Getting up close and personal to the front panel, we see an input jack and three tone controls.
Independent Gain and Volume controls show that this unit means business! The mute button and headphone jack give this amp a family-friendly advantage over other inexpensive practice amps.
As is found on many guitar amps, the cabinet is sealed with a closed back.
Oh no! The sticker says “DO NOT OPEN.” What are we going to do?
We open it, of course. How long has it been since you’ve seen a loudspeaker with a square magnet?
Obviously this is a four-ohm loudspeaker.
The steel chassis has circuit boards for the preamp functions, just behind the controls, and power supply and audio power amplifier at the rear of the unit. Nothing appears out of order here. No, wait! Look here!
This wire has come un-crimped from the terminal, seen in the background.
We can just open this terminal up a bit, re-insert the wire, and solder it in place. But the question remains: Could this have been the reason that the unit blew fuses before it finally quit permanently? I don’t think so.
While we’re waiting on a copy of the Sunn Service Bulletins for this amp to come via email, let’s take a minute to clean this unit up.
The controls hold the front edge of the circuit board in place, and a couple of screws hold the back edge steady.
The headphone jack is entirely isolated from the chassis of the unit. Even though the chassis is wired to the green wire safety ground in the AC cord, taking measures such as this makes the UL Certification easier.
The input jack is shielded from interference with this metal bracket. This kind of additional shielding is almost never done on inexpensive amps… this Sunn is definitely a Cut Above!

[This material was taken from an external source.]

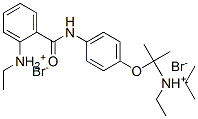 CAS#: 80784-91-4, 2-[4-[(Ethylazaniumylidene-Phenyl-Methyl)Amino]Phenoxy]Ethyl-Dipropan- 2-Yl-Azanium Dibromide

The switches and controls are easily cleaned now that they are easily accessible, as shown here. The Unbrokenstring Crew NEVER forces cleaning fluid around the shaft of the potentiometers as a cleaning procedure, because dirt and old lubricant is forced inside the control. It cannot end well. Sorry, StewMac.
With all the hardware out of the way, it is a trivial matter to clean up the face plate. Gibson Guitar Pump Polish is pressed into service for this step.
Reassembly also involves tightening the woodwork. Over time, wood shrinks (even in humid South Texas) so most amplifier cabinets will develop buzzes and rattles as they age.
Maybe if we work quickly, the “Do Not Remove” police will not catch up to us and put us in jail.
The Service Literature arrived! It states that the next-higher ampacity of fuse should be used in this unit; There was an error at the factory wherein units in this serial number range had an inadequate fuse installed! This little amp has run for hours with no issues!
Thanks for reading all the way to the end!